Devon county council, she told me last week, gave the town only £500 for Covid response work during the first lockdown, about 13p per resident. But by that point, the independent-run town council had already directed £20,000 into a relief programme that stretched from supplies of food and medicines, through activity books for local children, to YouTube videos capturing the start of spring for people trapped indoors.

Now, Barrett says, new parents are worrying that their babies are becoming toddlers without having meaningfully socialised with other children, so the council is turning its attention to early-years provision. “We don’t have any public sector in Buckfastleigh any more,” she explains: she and her colleagues are not just filling gaps left by austerity, but basically reinventing local government from the ground up.

There and elsewhere, the key story of the Covid crisis has been that of town and parish councils enabling people to participate in community self-help. But as Macfadyen, Barrett and other flatpackers see it, the next chapter is about moving in the opposite direction, and trying to get people who have been involved in mutual aid to start running the places where they live. As part of the local elections scheduled for May 2021, there will be elections for a huge number of town and parish councils. So, online launch meetings are now being organised to bring people together, and mentors are being put in touch with those who might fancy standing for office. There is an accompanying initiative, partly rooted in the activism around Extinction Rebellion, called Trust the People, which has just started running courses in community organising, grassroots democracy and how to get involved in local decision-making.

These are early, tentative moves. But even in more orthodox parts of politics, you can sense something of the same mood. In the London borough of Barking and Dagenham, the Labour-run council has worked on a new way of collaborating with voluntary and grassroots groups that was a huge help in dealing with the pandemic (as the left-of-centre pressure group Compass put it, “a council working hand in hand with the community unleashed purpose, speed and agility”). From the other side of politics, it is worth reading a recent report by the Tory MP Danny Kruger, commissioned by the government to look at “sustaining the community spirit we saw during lockdown, into the recovery phase and beyond”. Kruger proposes a new Community Power Act, using deliberative democracy, participatory budgeting and citizen assemblies “to create the plural public square we need”.

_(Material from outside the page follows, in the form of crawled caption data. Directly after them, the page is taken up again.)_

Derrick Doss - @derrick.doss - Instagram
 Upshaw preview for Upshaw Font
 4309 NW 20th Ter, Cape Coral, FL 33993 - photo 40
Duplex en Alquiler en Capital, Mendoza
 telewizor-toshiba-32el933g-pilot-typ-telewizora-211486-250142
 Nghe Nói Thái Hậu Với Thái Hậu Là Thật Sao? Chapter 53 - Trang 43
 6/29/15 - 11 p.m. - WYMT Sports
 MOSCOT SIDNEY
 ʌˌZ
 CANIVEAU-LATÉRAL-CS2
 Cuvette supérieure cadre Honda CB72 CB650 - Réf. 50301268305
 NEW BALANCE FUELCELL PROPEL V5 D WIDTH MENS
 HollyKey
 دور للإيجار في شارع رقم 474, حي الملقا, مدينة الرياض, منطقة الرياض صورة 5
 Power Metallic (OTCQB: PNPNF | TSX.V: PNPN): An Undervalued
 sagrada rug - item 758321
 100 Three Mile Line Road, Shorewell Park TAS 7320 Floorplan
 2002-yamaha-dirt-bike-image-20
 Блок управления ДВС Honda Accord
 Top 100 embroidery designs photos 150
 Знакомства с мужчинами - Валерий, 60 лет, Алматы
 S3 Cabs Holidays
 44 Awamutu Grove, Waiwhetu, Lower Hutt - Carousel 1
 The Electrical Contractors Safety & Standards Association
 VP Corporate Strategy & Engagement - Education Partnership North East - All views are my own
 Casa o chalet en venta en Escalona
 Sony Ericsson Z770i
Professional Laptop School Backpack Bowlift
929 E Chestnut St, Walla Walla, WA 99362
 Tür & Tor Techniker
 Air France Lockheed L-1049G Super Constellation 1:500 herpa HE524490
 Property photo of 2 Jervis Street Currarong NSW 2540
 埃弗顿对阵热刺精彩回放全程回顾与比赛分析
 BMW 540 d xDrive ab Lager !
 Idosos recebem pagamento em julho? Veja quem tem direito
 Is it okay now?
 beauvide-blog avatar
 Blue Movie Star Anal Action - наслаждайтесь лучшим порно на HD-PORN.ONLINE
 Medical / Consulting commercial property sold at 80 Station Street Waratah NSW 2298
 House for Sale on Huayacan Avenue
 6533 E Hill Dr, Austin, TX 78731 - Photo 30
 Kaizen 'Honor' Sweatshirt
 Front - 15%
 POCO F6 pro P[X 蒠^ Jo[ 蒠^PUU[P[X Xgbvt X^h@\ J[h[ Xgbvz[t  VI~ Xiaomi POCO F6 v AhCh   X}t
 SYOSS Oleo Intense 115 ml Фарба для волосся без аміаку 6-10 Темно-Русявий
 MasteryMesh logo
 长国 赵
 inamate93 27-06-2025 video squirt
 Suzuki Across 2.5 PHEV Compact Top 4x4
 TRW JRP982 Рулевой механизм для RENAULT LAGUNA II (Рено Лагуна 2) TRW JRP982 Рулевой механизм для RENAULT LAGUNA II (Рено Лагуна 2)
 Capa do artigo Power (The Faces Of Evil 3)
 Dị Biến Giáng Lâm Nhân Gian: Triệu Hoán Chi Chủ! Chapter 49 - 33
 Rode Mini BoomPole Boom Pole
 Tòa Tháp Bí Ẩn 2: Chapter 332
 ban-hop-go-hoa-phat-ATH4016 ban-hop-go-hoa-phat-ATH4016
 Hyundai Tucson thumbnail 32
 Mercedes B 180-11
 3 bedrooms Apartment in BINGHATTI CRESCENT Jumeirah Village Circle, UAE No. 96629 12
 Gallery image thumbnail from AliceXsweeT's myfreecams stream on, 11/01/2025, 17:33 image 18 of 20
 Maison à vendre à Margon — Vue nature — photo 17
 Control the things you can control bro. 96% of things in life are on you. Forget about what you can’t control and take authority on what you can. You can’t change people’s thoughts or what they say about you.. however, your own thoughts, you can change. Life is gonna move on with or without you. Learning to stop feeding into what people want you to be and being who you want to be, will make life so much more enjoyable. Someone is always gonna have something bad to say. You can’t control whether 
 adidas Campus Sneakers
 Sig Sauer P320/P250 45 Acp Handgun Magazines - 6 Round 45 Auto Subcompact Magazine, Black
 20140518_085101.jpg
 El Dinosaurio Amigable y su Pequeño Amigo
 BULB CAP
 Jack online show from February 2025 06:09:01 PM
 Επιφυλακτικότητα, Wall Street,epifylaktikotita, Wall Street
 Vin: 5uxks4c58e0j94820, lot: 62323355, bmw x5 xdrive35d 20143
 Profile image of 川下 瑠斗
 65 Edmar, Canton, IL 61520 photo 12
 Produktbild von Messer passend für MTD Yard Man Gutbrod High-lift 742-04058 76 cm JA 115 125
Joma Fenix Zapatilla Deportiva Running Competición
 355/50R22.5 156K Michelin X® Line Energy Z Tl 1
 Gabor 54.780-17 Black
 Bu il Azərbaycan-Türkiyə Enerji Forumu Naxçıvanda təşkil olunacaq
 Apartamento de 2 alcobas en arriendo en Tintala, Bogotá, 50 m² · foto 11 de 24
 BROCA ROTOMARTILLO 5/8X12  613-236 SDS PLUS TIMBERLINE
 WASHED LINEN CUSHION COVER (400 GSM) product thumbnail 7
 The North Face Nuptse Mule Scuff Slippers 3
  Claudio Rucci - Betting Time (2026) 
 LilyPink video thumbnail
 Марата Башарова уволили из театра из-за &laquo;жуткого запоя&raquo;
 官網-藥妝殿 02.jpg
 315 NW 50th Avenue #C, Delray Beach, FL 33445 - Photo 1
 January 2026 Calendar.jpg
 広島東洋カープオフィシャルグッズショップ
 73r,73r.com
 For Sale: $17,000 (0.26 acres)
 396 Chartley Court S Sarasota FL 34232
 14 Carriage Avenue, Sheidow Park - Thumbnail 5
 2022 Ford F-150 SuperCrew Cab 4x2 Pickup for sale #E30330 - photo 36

Last week I spoke to Adam Hawley, a maths teacher who is trying to galvanise people to run for office in Hull, the city that has lately become a byword for the virus and the crisis it has caused. His focus goes beyond the town and parish level, to seats on the city council. Party politics, he says, seems “awful and embarrassing, and just unhelpful at a local level”. He talks about people’s experience of the Covid crisis, and “a sense that our institutions didn’t know how to respond in a very direct, or even human way”.

If the grassroots politics of 2020 can be boiled down to their essence, he says, it’s been “a big increase in the number of people getting involved in where they live, and looking for ways to do more of it”. These sound like simple enough things. But whether we can reshape our systems of power and politics to accommodate them strikes me as one of the key questions of this crisis, and the uncertain, turbulent future to come.